┏━━

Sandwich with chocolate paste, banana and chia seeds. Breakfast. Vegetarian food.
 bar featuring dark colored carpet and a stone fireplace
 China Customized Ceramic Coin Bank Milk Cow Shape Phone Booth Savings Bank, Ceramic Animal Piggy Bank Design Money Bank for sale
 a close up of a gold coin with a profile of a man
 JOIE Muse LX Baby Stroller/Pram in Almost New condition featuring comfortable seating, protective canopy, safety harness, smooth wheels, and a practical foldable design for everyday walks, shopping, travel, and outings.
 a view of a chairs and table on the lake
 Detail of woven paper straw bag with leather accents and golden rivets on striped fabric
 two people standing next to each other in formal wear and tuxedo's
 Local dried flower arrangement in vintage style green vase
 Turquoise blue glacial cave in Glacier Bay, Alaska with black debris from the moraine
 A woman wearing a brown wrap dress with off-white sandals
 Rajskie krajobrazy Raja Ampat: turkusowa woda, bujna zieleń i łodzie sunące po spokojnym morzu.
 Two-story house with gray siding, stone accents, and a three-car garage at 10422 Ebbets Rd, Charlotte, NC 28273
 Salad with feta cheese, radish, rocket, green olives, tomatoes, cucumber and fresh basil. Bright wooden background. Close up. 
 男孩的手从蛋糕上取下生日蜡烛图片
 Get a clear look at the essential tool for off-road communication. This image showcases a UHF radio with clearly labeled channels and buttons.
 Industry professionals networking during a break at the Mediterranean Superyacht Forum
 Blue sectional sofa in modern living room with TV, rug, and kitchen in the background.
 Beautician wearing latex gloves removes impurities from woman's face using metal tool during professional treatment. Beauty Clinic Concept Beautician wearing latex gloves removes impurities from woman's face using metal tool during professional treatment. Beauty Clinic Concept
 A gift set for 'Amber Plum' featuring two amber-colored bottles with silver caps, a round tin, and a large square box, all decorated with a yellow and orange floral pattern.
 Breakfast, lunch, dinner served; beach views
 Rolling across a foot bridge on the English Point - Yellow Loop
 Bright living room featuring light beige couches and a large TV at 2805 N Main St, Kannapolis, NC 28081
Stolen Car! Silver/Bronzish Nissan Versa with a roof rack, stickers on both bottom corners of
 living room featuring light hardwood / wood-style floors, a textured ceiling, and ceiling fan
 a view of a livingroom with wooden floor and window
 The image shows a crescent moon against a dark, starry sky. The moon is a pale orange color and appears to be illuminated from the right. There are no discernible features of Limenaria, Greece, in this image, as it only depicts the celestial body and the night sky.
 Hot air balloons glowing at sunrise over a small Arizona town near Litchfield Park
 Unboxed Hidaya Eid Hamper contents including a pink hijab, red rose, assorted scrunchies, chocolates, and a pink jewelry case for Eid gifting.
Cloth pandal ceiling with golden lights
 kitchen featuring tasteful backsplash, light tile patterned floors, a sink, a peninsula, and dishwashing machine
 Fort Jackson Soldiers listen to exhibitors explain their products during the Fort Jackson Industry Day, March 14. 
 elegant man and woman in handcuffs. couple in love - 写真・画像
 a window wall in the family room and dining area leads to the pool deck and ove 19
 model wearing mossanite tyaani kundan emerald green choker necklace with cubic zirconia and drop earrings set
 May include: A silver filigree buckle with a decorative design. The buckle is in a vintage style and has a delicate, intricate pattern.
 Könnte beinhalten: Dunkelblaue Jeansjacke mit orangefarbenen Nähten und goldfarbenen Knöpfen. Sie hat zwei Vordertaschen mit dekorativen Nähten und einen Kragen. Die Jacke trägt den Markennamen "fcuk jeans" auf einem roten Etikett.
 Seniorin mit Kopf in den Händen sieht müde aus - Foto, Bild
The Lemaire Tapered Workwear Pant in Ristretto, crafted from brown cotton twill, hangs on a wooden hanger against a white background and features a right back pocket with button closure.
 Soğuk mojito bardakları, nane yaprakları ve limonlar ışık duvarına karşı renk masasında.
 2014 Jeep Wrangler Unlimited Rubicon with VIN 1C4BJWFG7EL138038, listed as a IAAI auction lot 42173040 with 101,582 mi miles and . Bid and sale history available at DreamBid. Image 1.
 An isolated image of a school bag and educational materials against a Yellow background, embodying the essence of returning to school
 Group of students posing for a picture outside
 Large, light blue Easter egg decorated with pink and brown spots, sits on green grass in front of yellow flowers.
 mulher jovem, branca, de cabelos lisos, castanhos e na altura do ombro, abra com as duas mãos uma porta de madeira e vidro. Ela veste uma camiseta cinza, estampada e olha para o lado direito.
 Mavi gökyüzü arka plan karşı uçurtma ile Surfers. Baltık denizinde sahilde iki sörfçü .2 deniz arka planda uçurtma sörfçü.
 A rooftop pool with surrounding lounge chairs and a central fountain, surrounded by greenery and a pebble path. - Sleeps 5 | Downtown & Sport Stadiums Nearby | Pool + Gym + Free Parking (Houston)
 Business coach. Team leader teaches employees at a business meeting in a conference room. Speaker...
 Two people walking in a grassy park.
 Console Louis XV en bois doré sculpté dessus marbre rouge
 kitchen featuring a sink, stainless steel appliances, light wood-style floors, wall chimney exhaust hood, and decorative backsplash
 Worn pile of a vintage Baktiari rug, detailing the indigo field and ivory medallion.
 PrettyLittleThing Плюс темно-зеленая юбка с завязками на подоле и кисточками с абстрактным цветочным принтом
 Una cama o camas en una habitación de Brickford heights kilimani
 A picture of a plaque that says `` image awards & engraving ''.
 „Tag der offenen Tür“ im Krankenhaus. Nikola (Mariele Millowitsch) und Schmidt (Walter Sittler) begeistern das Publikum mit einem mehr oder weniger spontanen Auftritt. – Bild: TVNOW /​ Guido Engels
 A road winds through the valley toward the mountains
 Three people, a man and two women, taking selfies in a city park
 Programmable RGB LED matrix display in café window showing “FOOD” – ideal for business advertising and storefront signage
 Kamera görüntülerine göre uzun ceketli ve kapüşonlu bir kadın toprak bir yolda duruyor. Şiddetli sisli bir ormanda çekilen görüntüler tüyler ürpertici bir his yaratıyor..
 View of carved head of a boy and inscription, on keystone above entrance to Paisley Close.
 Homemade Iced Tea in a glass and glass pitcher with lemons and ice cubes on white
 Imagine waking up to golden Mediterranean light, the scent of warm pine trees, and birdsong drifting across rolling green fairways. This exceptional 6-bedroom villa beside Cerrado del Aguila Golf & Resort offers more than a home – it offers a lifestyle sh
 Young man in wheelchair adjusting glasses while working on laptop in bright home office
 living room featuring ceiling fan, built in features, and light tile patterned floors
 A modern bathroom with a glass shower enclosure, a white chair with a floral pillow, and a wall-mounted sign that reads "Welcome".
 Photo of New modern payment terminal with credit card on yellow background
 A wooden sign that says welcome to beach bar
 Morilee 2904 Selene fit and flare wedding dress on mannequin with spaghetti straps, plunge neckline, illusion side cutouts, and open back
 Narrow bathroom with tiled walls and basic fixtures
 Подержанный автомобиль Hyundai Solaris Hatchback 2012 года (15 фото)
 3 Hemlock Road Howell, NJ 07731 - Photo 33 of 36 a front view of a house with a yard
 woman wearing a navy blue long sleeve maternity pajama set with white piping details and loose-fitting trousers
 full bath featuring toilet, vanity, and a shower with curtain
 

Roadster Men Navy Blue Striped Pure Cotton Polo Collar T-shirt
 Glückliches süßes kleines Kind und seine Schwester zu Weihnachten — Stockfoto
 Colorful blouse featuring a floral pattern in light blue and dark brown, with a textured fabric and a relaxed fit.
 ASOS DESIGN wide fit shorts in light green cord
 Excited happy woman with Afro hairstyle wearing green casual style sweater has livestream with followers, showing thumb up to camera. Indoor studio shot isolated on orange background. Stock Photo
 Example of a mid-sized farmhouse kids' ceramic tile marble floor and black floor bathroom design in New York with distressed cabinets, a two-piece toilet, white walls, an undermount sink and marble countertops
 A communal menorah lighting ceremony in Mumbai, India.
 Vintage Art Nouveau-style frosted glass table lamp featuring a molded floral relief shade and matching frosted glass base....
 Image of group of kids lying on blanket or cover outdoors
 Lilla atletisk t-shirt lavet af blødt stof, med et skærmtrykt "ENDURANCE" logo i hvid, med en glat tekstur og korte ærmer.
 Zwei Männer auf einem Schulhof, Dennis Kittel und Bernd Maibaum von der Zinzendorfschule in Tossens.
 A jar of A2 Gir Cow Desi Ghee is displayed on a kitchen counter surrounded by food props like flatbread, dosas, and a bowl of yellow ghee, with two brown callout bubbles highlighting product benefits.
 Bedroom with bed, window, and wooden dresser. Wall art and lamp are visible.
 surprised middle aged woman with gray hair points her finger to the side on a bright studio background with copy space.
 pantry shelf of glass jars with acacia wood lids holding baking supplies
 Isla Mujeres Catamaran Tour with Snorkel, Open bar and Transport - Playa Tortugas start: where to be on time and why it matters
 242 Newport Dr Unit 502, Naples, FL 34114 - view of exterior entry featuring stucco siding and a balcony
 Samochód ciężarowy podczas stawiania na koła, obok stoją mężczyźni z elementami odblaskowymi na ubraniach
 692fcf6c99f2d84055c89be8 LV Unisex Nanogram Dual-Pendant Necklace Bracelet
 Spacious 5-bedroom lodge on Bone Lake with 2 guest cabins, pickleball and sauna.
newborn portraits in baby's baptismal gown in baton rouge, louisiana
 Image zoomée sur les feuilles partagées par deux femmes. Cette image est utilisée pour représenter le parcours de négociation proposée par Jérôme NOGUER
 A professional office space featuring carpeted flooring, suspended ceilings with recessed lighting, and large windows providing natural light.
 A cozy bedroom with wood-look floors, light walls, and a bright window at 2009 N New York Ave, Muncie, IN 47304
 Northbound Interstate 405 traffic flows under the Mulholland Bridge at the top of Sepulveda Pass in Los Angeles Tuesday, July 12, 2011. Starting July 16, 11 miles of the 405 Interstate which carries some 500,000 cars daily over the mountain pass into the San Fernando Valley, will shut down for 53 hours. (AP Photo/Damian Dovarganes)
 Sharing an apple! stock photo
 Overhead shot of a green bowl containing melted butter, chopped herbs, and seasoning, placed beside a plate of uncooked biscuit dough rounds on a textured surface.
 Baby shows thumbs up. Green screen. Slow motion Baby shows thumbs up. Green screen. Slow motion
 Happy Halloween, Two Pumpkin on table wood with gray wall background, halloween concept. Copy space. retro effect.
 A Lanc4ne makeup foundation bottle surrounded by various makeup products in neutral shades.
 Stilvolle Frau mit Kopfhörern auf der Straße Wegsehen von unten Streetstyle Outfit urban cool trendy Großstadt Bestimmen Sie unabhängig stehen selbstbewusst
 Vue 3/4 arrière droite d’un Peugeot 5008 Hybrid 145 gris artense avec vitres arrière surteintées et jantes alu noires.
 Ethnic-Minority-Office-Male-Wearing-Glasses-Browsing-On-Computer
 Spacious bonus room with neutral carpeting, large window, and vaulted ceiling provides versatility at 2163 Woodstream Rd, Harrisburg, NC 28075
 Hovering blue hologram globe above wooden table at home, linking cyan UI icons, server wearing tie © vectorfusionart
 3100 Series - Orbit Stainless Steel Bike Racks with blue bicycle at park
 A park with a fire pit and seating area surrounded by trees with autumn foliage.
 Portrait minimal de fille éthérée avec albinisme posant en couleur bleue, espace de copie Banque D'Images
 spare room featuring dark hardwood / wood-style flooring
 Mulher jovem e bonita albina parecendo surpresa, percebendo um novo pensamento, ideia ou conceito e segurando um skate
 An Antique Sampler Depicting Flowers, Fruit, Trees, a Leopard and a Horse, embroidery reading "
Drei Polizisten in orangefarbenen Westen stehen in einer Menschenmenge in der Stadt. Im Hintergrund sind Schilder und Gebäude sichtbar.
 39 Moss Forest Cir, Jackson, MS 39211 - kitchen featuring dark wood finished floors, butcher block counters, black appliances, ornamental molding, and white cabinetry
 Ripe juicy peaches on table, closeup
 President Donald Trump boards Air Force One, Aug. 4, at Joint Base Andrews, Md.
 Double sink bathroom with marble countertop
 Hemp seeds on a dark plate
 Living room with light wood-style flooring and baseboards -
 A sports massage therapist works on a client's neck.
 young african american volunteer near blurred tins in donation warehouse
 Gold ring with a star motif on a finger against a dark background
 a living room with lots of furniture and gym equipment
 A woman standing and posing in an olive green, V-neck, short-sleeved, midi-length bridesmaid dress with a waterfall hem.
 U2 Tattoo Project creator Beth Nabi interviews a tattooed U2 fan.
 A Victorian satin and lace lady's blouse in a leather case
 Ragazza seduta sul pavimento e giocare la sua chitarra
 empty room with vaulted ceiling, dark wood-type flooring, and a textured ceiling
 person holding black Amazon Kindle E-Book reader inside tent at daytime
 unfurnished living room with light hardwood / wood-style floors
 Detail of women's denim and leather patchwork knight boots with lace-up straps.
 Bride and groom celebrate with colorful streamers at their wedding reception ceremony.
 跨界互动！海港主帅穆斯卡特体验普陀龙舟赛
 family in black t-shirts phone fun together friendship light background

┗━━

_TASK PROMPT_
Write out the material above exactly, please, from its first line up to and including the line where "China Customized Ceramic" appears, and stop there.

_WRITTEN ANSWER_
Sandwich with chocolate paste, banana and chia seeds. Breakfast. Vegetarian food.
 bar featuring dark colored carpet and a stone fireplace
 China Customized Ceramic Coin Bank Milk Cow Shape Phone Booth Savings Bank, Ceramic Animal Piggy Bank Design Money Bank for sale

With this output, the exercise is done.